What needs to be done => Each line below that includes the word "colored" is to be reported.

Extracted data entries =>
* * *
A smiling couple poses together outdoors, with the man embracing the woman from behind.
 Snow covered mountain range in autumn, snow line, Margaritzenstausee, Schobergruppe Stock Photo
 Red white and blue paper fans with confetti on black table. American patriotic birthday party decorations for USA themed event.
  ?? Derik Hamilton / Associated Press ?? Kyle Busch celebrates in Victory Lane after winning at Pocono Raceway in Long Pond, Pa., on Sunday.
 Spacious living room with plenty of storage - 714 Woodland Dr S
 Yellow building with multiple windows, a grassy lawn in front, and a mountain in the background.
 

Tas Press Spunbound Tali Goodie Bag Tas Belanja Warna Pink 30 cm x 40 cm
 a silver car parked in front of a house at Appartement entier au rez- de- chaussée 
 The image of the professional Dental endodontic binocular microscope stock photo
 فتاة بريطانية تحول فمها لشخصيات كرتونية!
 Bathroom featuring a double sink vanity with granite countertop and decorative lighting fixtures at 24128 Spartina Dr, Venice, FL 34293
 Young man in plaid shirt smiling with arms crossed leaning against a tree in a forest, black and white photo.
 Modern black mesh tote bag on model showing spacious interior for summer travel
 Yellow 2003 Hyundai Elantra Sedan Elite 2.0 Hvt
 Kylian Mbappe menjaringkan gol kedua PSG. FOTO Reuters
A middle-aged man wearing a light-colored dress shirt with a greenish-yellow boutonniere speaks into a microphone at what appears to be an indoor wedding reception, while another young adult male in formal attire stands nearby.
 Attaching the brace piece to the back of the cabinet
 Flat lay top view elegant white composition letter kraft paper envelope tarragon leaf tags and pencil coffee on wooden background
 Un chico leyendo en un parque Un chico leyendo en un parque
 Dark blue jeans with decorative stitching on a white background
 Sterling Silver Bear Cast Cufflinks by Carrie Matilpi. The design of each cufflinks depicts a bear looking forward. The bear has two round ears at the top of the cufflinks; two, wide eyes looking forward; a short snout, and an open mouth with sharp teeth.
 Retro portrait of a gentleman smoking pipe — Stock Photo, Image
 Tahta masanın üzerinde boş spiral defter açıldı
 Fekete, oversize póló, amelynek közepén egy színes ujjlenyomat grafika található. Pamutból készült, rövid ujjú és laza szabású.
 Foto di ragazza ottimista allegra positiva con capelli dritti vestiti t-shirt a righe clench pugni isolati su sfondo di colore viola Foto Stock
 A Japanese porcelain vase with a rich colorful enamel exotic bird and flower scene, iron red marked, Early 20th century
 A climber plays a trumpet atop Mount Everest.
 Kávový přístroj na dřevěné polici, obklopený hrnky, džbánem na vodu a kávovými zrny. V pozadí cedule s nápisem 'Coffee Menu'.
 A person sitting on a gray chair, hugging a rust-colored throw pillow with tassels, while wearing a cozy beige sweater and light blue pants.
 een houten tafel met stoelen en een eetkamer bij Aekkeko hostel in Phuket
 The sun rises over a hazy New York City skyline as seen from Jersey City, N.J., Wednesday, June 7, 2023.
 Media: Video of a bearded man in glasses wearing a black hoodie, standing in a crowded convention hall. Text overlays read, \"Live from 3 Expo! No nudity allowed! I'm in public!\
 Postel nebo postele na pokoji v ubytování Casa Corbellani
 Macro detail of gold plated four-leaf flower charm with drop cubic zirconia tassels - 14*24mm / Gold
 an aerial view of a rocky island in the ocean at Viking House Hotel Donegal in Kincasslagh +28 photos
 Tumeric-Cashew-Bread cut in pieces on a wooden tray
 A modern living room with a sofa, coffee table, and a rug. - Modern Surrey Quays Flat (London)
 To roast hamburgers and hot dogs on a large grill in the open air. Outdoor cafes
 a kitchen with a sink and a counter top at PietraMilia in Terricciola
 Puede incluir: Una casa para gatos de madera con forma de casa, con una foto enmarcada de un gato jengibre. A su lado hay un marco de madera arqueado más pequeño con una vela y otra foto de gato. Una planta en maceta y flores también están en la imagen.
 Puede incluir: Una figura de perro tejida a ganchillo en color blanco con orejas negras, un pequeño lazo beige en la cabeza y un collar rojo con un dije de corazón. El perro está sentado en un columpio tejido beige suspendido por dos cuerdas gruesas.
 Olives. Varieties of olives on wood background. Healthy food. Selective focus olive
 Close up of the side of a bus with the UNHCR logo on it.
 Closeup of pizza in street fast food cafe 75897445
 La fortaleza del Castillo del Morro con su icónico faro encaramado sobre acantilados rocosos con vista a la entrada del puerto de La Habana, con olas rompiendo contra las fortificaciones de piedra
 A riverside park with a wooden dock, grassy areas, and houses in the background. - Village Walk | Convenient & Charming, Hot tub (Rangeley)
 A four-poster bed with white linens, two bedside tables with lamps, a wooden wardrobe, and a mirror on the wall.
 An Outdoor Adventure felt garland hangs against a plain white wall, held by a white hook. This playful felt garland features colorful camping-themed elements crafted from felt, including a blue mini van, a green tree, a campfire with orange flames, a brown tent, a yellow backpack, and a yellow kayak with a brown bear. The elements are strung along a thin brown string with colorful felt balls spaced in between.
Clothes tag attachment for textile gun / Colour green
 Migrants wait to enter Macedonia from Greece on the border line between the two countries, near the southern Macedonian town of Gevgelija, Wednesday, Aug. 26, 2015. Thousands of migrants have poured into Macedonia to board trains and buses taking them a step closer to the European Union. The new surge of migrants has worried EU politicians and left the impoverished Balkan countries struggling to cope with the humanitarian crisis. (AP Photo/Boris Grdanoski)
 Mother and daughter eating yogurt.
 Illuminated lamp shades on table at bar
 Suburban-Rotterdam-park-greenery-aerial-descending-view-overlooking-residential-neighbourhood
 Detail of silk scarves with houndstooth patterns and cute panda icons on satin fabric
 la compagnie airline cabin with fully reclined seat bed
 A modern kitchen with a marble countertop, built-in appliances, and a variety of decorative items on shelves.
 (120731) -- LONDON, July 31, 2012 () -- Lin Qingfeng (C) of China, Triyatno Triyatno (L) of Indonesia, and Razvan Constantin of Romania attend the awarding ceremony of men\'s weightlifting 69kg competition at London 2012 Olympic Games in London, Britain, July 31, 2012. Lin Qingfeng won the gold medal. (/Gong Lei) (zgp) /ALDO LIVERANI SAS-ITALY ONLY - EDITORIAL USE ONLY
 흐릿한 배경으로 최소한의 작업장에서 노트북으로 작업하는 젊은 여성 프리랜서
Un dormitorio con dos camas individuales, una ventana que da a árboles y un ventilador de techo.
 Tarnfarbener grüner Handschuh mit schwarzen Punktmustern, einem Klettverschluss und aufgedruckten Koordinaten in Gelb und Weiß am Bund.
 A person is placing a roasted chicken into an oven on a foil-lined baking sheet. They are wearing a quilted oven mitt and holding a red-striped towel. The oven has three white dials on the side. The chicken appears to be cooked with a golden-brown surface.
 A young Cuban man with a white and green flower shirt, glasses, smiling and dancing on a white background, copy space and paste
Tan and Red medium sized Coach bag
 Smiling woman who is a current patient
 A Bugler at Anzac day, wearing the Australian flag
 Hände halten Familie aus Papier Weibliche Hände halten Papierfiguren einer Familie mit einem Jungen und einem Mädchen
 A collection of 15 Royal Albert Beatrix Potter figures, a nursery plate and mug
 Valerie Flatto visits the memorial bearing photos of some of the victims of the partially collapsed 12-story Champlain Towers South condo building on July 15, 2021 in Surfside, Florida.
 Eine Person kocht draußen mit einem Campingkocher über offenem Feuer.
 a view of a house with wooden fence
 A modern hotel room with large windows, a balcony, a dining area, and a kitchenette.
* * *
Response to this exercise =>
A middle-aged man wearing a light-colored dress shirt with a greenish-yellow boutonniere speaks into a microphone at what appears to be an indoor wedding reception, while another young adult male in formal attire stands nearby.
 A person sitting on a gray chair, hugging a rust-colored throw pillow with tassels, while wearing a cozy beige sweater and light blue pants.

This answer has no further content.